BC Smith :
I am trying to filter data from a dataframe which are less than a certain value. If there is no NaN then its working fine. But when there is a nan then it is ignoring the NaN value. I want to include all the time its doesn't matter its less than or bigger than the comparing value.
import pandas as pd
import numpy as np
df = pd.DataFrame(
{
'index': [1, 2, 3, 4, 5, 6, 7, 8, 9],
'value': [5, 6, 7, np.nan, 9, 3, 11, 34, 78]
}
)
df_chunked = df[(df['index'] >= 1) & (df['index'] <= 5)]
print('df_chunked')
print(df_chunked)
df_result = df_chunked[(df_chunked['value'] < 10)]
# df_result = df_chunked[(df_chunked['value'] < 10) | (df_chunked['value'] == np.isnan(df_chunked['value']))]
print('df_result')
print(df_result)
In the above result 5,6,7,9 is showing. but i want also the nan there. I tried with
df_result = df_chunked[(df_chunked['value'] < 10) | (df_chunked['value'] == np.isnan(df_chunked['value']))]
But it is not working.
How can I do this?
ansev :
Use not operator: ~
df_chunked[~(df_chunked['value'].ge(10))]

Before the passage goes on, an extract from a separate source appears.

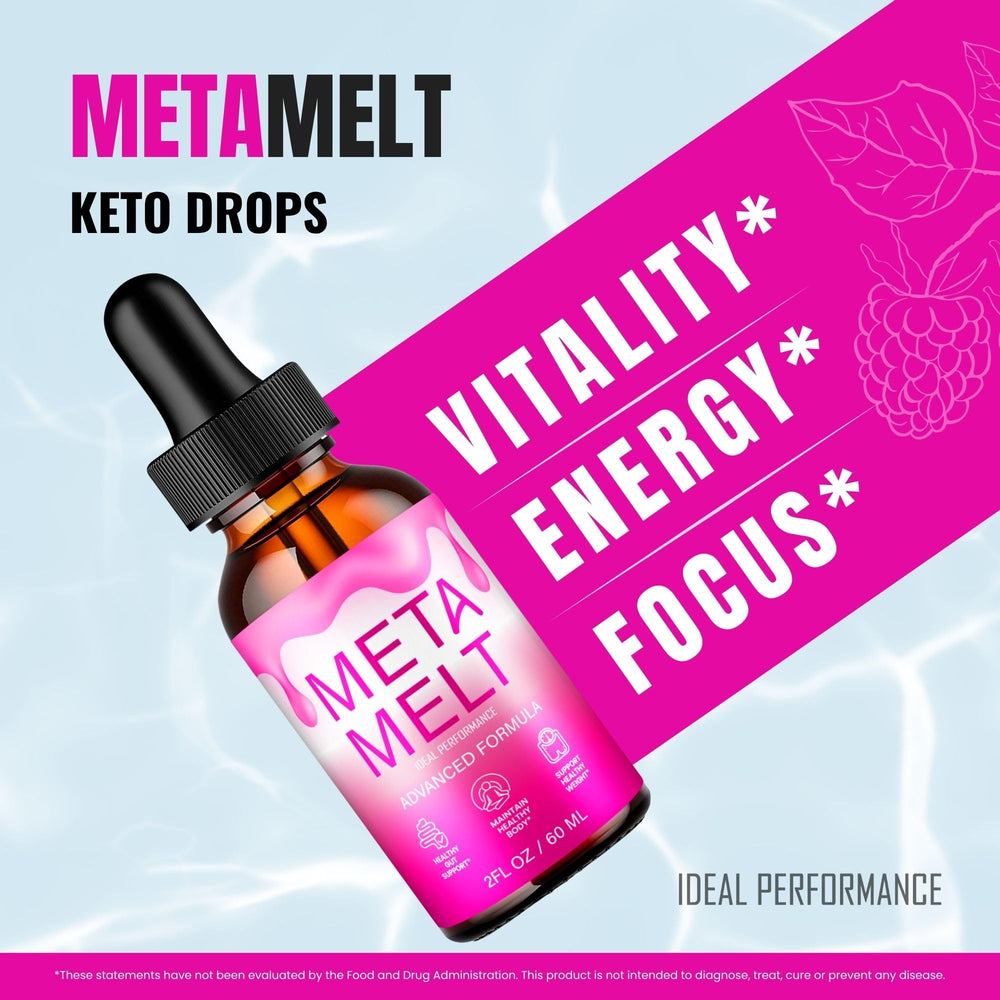 IDEAL PERFORMANCE Meta Melt Drops label clearly lists ingredients and usage.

#df_chunked[~(df_chunked['value']>=10)] #greater or equal(the same)
index value
0 1 5.0
1 2 6.0
2 3 7.0
3 4 NaN
4 5 9.0
why?
Because the logical operations simply ignore NaN
values and take it as False
, always as you can see in the following data frame, then if you want to avoid using series.isna
( avoid unnecessary additional code) and simplify your code simply use the inverse logic with ~
print(df.assign(greater_than_5 = df['value'].gt(5),
not_greater_than_5 = df['value'].le(5)))
index value greater_than_5 not_greater_than_5
0 1 5.0 False True
1 2 6.0 True False
2 3 7.0 True False
3 4 NaN False False
4 5 9.0 True False
5 6 3.0 False True
6 7 11.0 True False
7 8 34.0 True False
8 9 78.0 True False